### SUPPLIED DATA

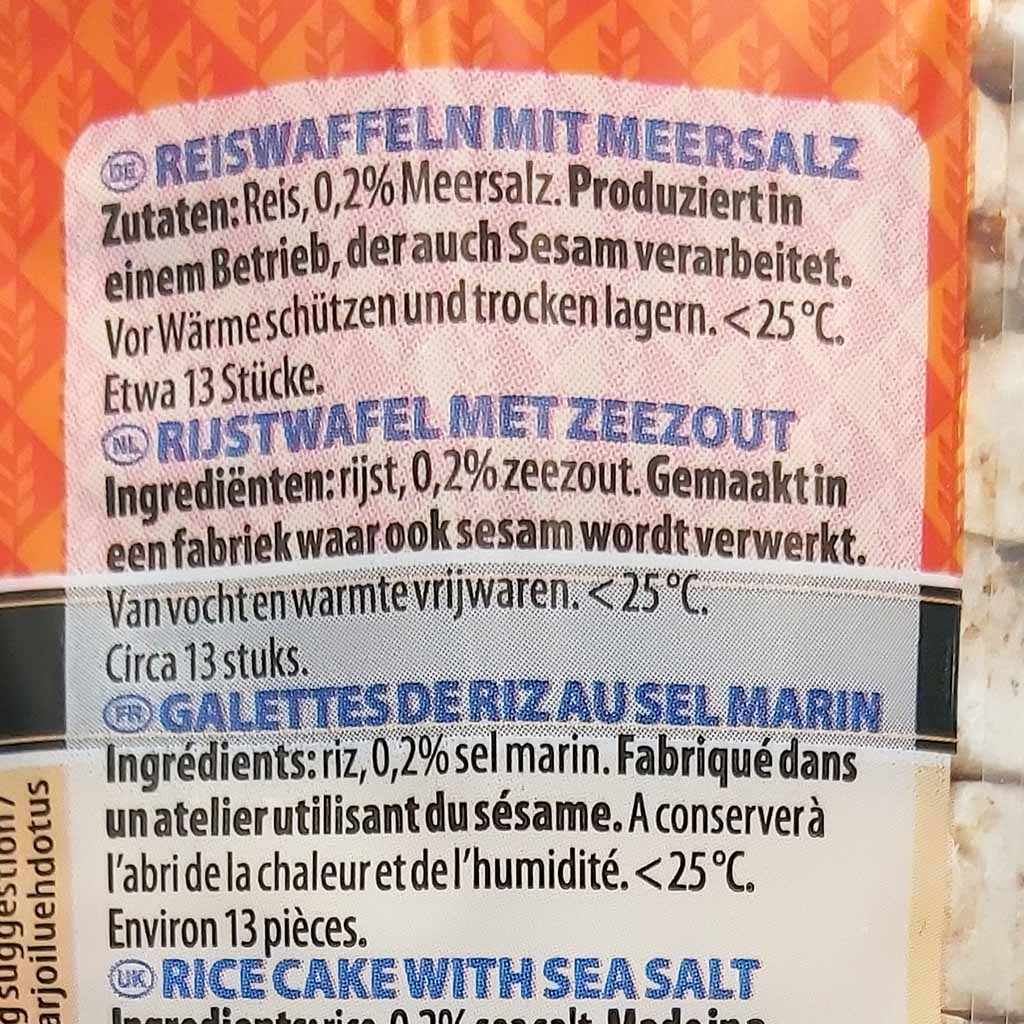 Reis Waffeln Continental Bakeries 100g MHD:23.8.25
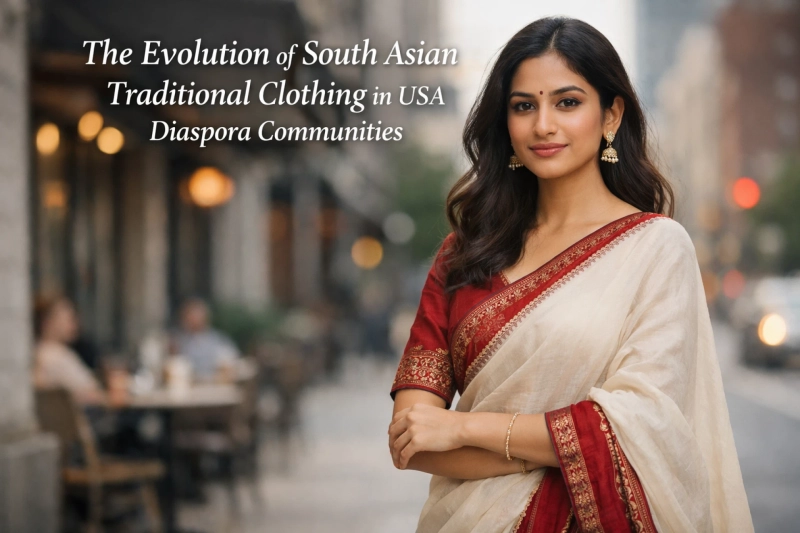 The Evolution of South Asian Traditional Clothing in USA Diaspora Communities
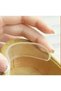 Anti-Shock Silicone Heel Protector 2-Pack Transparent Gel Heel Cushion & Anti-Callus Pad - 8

### WHAT THE TASK ASKS
From the first line to the last, copy the listing above exactly, dropping all images.

### EXERCISE SOLUTION
 Reis Waffeln Continental Bakeries 100g MHD:23.8.25
 The Evolution of South Asian Traditional Clothing in USA Diaspora Communities
 Anti-Shock Silicone Heel Protector 2-Pack Transparent Gel Heel Cushion & Anti-Callus Pad - 8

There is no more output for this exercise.